『水の底の百日』

灯ル

1日目~5日目

1日目


入学式。朝から晴れて、空気がよく乾いているのに、靴下の裾だけがずっと冷たい。多分、寮の玄関マットが湿っているせい。写真を撮ろうとしたけれど、画面が一瞬白くなってシャッター音だけ鳴り、保存が見当たらない。混んでいると聞いていた食堂は拍子抜けするほど静かで、並ぶこともなく席に座れた。周りの会話はあるのに、言葉が耳に届く前に空気に吸われる感じがする。寮に戻って荷ほどきをして、シャツをハンガーに掛けた。新しい部屋の匂い。廊下の先、非常口の緑の人型だけがやけに濃く光っている。夜、シャワーをひねると、水が少し鉄っぽい味。気のせいだろう。明日から本格的に動く。今日も風呂は長め。


2日目


履修登録。学務の窓口は開いているのに、人が少ない。並ばずに順番が来て、紙を差し出したら、受付の人は注意書きを布で拭きながら、こちらを見ないまま頷いた。声は聞こえなかったが、通ったことにして次に進む。帰りに自販機のガラスで髪の跳ね具合を確認したら、肩のところに濡れた輪郭が重なって見えた。振り返ると誰もいない。ガラスに顔を近づけるとただの指紋だったのかもしれない。寮のシャワーは止まりが悪くて、ハンドルを締めても細い糸みたいな水がずっと出続ける。排水溝の奥で気泡が一つ、二つ、静かに弾ける。今日は食堂のメニューにカレーがない日らしい。そういう日もあるのだろう。ノートの表紙が少し湿っている。今日も風呂は長め。


3日目


図書館で席を取った。冷房の風が紙をめくる音ばかりが大きい。ノートを開いてメモを書いていたら、左頁の中央に丸い水染みが広がっていた。飲み物は持ち込んでいない。袖口を触ると少し冷たい。近くの机に誰かが置きっぱなしにしたコップがあったのかもしれない。通路を誰かが通る気配がして顔を上げたが、背表紙の並びが歪んだように見えただけで、足音の続きはなかった。帰り際、返却カートに本が山になっていて、札に古い月名が見えた。僕の見間違いだろう。今日も風呂は長め。


4日目


昼は食堂。ピークを外したつもりだが、それにしても空いている。レジの隣に今日のメニューの札が斜めに立っていて、書体が昔の手書き風に見える。厨房の中で誰かが鍋をかき混ぜる腕の動きはあるのに、皿が重なる音ばかりで声がない。トレイを取って席に運ぶ。窓の向こう、ベンチで二人組がしゃべっている仕草をしているが、口元だけが曇ったガラスに吸い込まれて読めない。食べ終えて返却口に皿を置くと、奥で水が一瞬はねた。

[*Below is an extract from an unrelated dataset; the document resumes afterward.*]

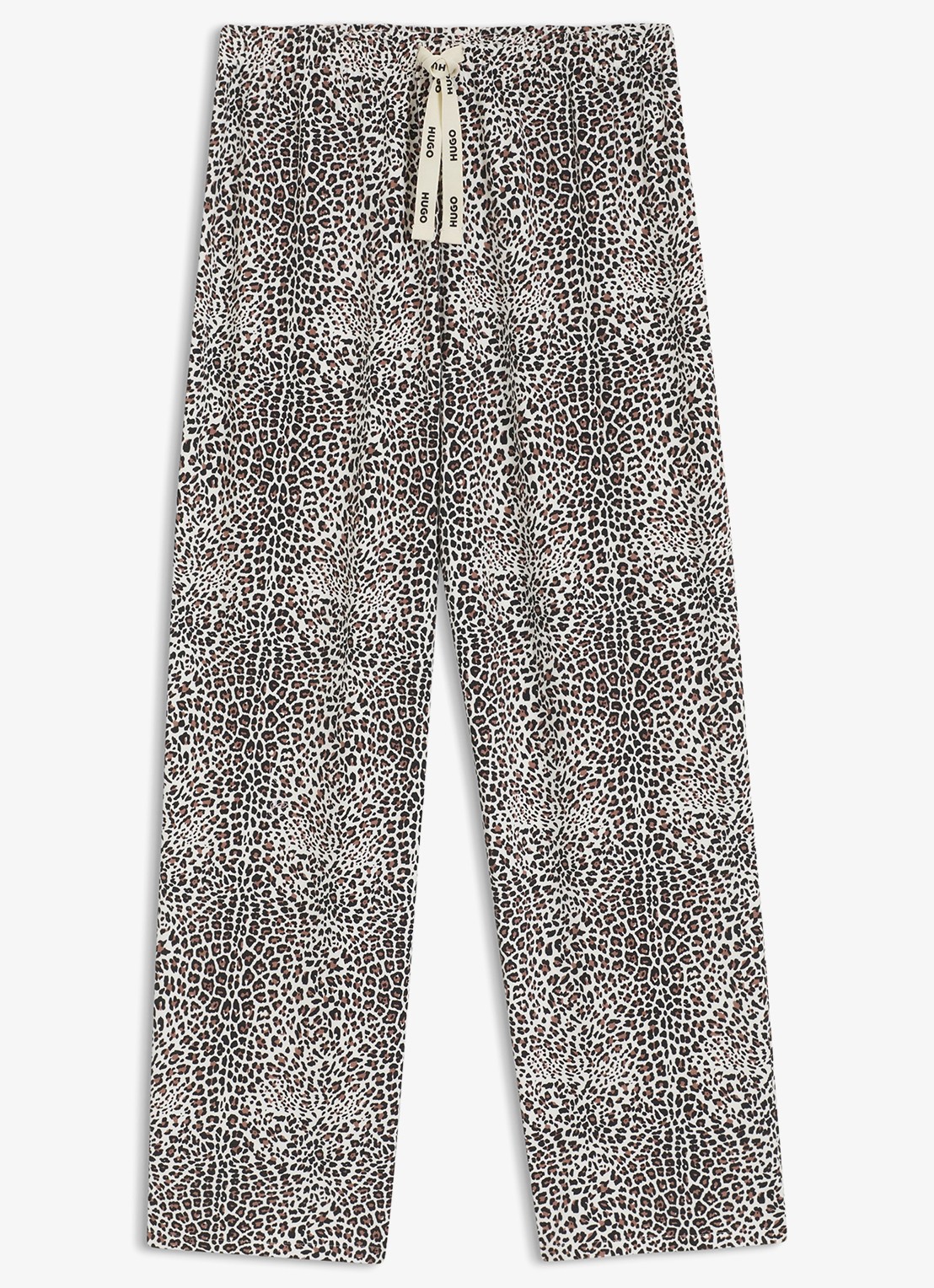 HUGO Pyjamabroek van stretchjersey met all-over print - voorkant 3 lichtbruin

床は濡れていない。今日も風呂は長め。


5日目


寮のシャワーはやっぱり止まりが悪い。ハンドルをきつく締めても、髪の毛一本くらいの細さの水が続く。足拭きマットが昨日より重い。廊下に出ると、消灯前なのに空気が湿っている。自室に戻るまでの間に、点々と水の丸が並んでいて、僕の足跡と重ねるように進んだ。途中でひとつ余計な丸があった気がして立ち止まったが、ただの汚れだと思う。窓を少し開けて湿気を逃がす。夜、寝返りのたびに枕がひやっとする。今日も風呂は長め。